Sylvain Morey Chassagne-Montrachet Blanc 2019
About the wine:
Made from two parcels just below the village (Meix Goudard and Les Pierres) and comprising just .21 hectares between the two of them, this wine in its total production is just a bit more than 100 cases a year. Elevage is done in barrel, with about 25% being new. About 25 cases a year are available for the US market.
• Appellation: AOC Chassagne-Montrachet
• Encépagement: Chardonnay (100%)
In The Vineyard:
• Parcel Names, Slopes, and Locations: From .47 ha (11 ouvrées) of vines in La Bergerie lieu-dit, .11 ha in the Petit Clos lieu-dit, and .11 ha in the Pierres lieu-dit, all surrounding Chassagne.
• Soil Types and Compositions: Limestone-clay
• Vine Age, Training, and Density: Trained in Guyot and planted in 1959, 1974, and 1997 at 10,000 vines/ha • Average Yields: 55 hl/ha
• Average Harvest Date and Type: Manual harvest, early-mid September
In The Cellar:
• Fermentation: Wine ferments spontaneously in 350-l oak barrels (20% new)

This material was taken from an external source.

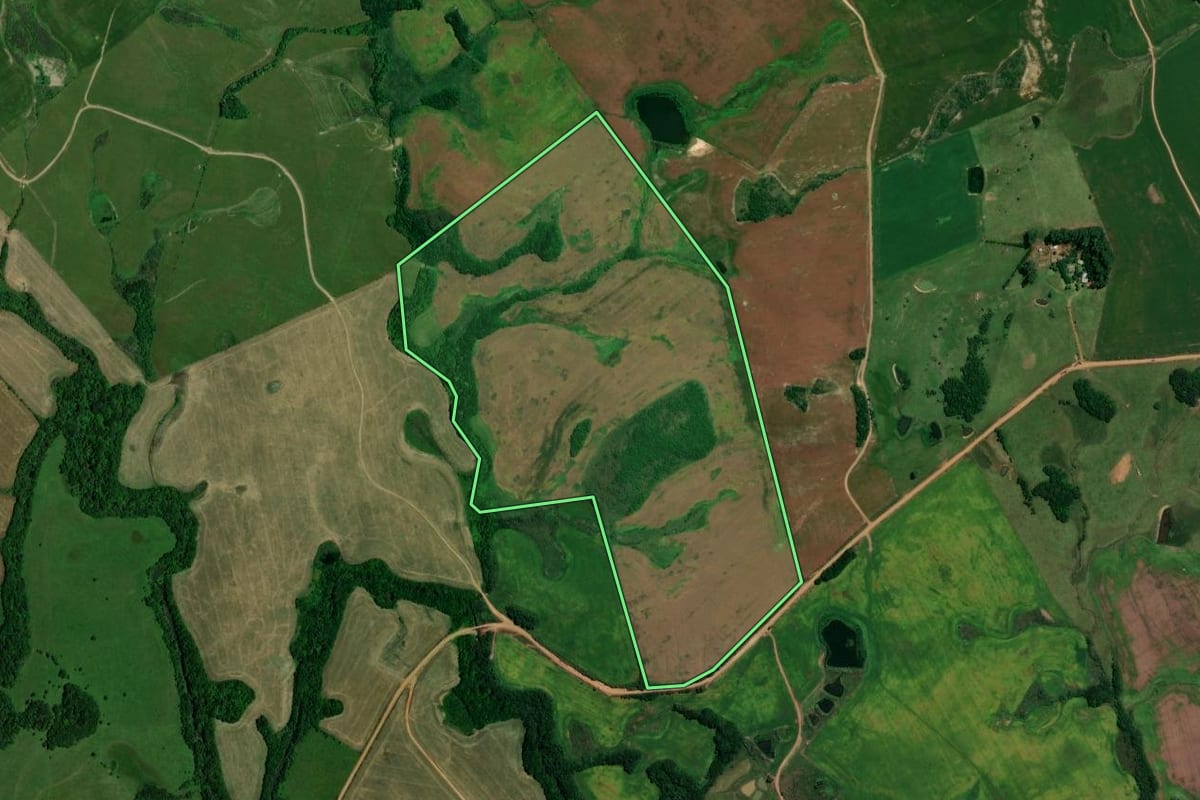 Imagem de satélite do imóvel rural em Quevedos (RS), com o contorno declarado no CAR desenhado por cima.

• Pressing: Pneumatic, whole-cluster direct pressing
• Time on Lees: Wine remains on its lees until assemblage prior to bottling
• Malolactic Fermentation: Spontaneous, in barrel in the spring
• Élevage: 16 months in 350-l oak barrels (20% new) followed by 2 months in stainless-steel tanks
• Press Wine: Blended after pressing
• Fining and Filtration: Fined with Casein and unfiltered
• Sulfur: Applied at harvest, during élevage, and at bottling, 20-25 mg/l free
In The Glass:
The Domaine’s village Chassagne comes from Les Pierres, Le Pe- tit Clos, and, since 2017, La Bergerie. La Bergerie contributes acidic structure and freshness to the ripe and rich fruit from Le Petit Clos. Les Pierres, located further down on the plain, brings power and concentration. The blend of these three sites allows the taster complete view of Chassagne’s terroir, one that gives round, powerful yet tense wines of great longevity.
About the producer:
Two of the hallmarks of Burgundy are the minuscule size and the fractured distribution of the small domains that line the Cote d’Or. Centuries of division by inheritance and often family discord have fractured once-larger land holdings into microscopic parcels. Domains have become so small (and their fractured holding so atomic) that it is has become doubtful how these domains can continue to be passed down to the next generation. In the case of Domaine Sylvain Morey, this difficult tradition continues with the dissolution of Domaine Jean-Marc Morey. Jean-Marc’s son Sylvain and his sister Caroline split their father’s holdings in 2014, making this already small family domaine much smaller. (Domaine Jean-Marc Morey was founded in 1981 when Domaine Albert Morey was split between his two sons Jean-Marc and Bernard.) We feel fortunate to continue our relationship with these familiar family parcels, however small they may be, through the impressive and thoughtful work of Sylvain.